According to sources, Goldman Sachs will really be making 3,200 job cuts and may perhaps announce this during this week. The American investment bank has not yet made a formal statement regarding the situation. Less than the 4,000 positions indicated in the media last month, a source told AFP that a maximum of 3,200 will be cut. The higher number of 4,000 would represent around 8% of the bank’s personnel.
At Goldman Sachs, laying off employees is a standard procedure that targets underperforming employees. The company typically reduces its headcount by one to five percent annually. A person with knowledge of the situation told AFP in mid-December that the company will terminate more people than usual this year due to the current state of the global economy and the growth of its workforce in previous years.

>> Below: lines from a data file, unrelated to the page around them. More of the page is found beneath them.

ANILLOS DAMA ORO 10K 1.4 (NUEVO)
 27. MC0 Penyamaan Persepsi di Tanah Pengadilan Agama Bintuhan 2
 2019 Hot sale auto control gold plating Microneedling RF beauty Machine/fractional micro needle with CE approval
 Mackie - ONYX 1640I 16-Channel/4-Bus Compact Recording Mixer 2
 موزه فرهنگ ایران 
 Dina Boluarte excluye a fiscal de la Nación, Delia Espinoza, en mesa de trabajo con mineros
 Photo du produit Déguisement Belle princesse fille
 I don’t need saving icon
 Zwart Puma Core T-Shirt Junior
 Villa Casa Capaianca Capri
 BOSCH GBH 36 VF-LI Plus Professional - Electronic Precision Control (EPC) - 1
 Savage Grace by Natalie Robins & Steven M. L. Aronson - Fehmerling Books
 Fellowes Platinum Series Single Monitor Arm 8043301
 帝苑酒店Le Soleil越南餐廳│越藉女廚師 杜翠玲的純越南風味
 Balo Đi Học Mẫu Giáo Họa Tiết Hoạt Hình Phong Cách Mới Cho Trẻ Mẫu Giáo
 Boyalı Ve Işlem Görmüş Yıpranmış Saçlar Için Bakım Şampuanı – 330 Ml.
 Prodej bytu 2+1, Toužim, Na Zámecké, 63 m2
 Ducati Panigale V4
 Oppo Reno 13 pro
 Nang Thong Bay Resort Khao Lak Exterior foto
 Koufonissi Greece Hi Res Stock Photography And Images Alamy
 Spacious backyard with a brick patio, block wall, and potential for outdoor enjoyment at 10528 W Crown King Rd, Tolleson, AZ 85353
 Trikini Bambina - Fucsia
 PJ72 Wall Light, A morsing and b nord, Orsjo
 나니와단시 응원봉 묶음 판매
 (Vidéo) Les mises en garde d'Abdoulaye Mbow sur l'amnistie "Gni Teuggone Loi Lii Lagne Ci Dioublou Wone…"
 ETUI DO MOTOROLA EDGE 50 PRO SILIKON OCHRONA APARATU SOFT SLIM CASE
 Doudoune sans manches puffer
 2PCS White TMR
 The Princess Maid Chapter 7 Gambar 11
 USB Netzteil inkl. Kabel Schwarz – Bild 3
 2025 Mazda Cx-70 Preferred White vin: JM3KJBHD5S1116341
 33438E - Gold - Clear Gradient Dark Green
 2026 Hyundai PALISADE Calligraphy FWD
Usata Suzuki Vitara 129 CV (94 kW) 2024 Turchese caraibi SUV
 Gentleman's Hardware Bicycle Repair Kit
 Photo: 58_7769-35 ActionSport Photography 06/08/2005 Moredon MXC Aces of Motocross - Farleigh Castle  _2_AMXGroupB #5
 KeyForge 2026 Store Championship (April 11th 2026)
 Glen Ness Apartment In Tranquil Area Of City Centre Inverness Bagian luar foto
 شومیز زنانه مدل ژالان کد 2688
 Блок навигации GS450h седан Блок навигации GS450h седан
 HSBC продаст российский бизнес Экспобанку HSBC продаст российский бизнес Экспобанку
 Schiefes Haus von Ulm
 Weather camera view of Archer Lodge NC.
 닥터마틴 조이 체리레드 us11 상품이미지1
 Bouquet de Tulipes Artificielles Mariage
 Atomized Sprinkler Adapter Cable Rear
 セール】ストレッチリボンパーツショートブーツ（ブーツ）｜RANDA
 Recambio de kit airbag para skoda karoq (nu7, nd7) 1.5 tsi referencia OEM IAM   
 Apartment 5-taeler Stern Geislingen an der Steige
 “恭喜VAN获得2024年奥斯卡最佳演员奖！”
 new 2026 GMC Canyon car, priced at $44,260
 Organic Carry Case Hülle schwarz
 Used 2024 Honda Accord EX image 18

Goldman Sachs and numerous other investment banks have experienced a sharp decline
In his customary year-end note to colleagues, US investment bank CEO David Solomon revealed his plan to eliminate employment in December. The headcount reduction is expected to occur in the first half of January, Solomon stated. “We are conducting a careful review,” Solomon had said. After hiring drives and acquisitions, Goldman’s employees grew to 49,100 at the end of October, an increase of roughly 30% from the end of 2019.
Goldman Sachs and numerous other investment banks have experienced a sharp decline in fees related to initial public offerings, which has resulted in significant industry-wide job losses. Due to the uncertain economy, the outlook for merger and acquisition consulting in 2023 is also not good. However, despite rising interest rates, the corporation is anticipated to post significant profits in 2022 and 2023, according to a survey by S&P Global Market. According to Guardian, analysts forecast that it would earn roughly $12 billion in net profits in 2022 and $13 billion in 2023.